*Material supplied*.
[Start of section]

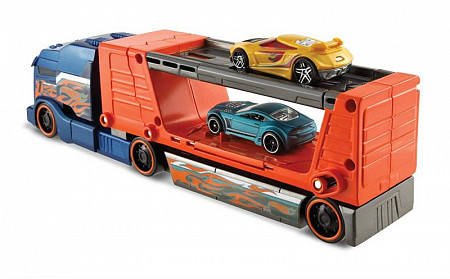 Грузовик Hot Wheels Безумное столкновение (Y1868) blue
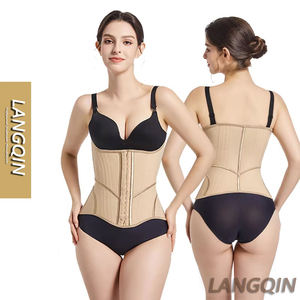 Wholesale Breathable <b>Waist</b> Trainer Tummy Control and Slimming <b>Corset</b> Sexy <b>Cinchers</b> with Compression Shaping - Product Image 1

[End of section]
[Start of section]

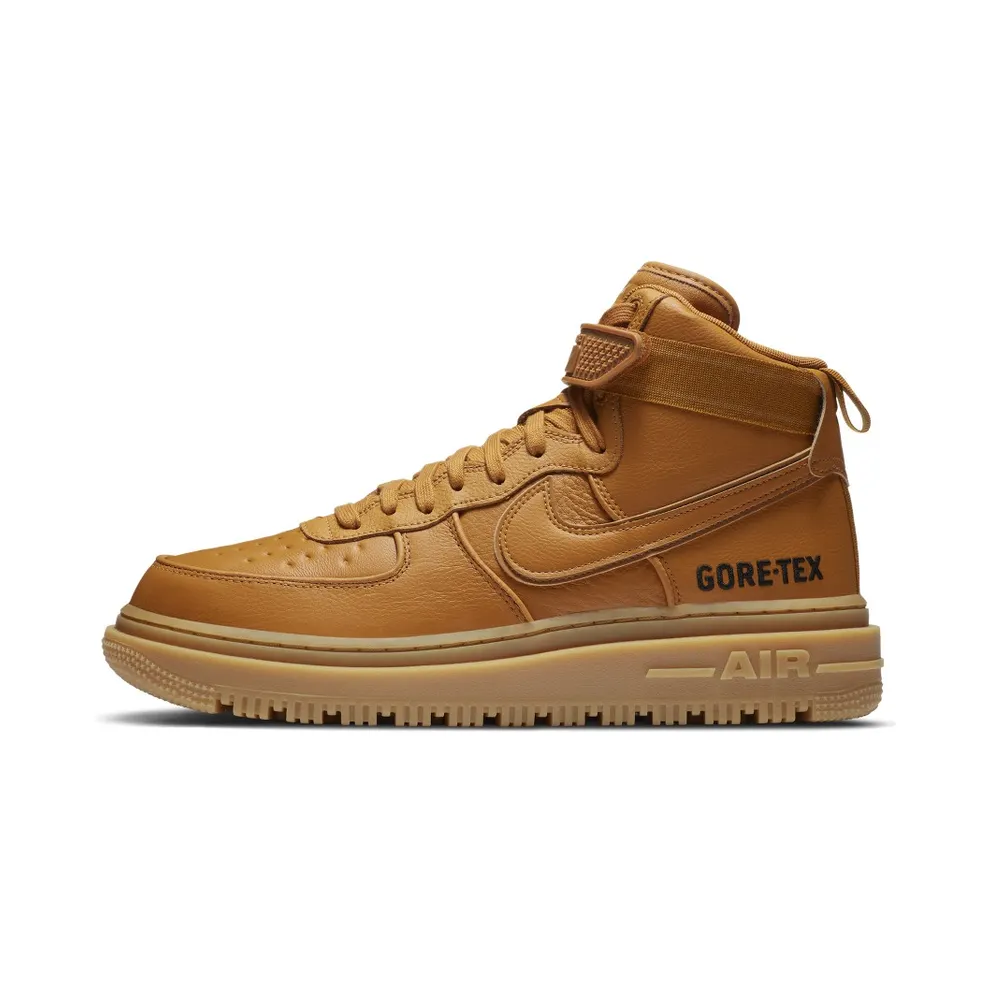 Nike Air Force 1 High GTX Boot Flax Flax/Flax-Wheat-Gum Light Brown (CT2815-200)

[End of section]

*Work item*. Set down exactly the lines above, from the line containing "Грузовик Hot Wheels" through the line containing "Wholesale Breathable <b>Waist</b>". Skip the pictures.

*Response to this task*.
 Грузовик Hot Wheels Безумное столкновение (Y1868) blue
 Wholesale Breathable <b>Waist</b> Trainer Tummy Control and Slimming <b>Corset</b> Sexy <b>Cinchers</b> with Compression Shaping - Product Image 1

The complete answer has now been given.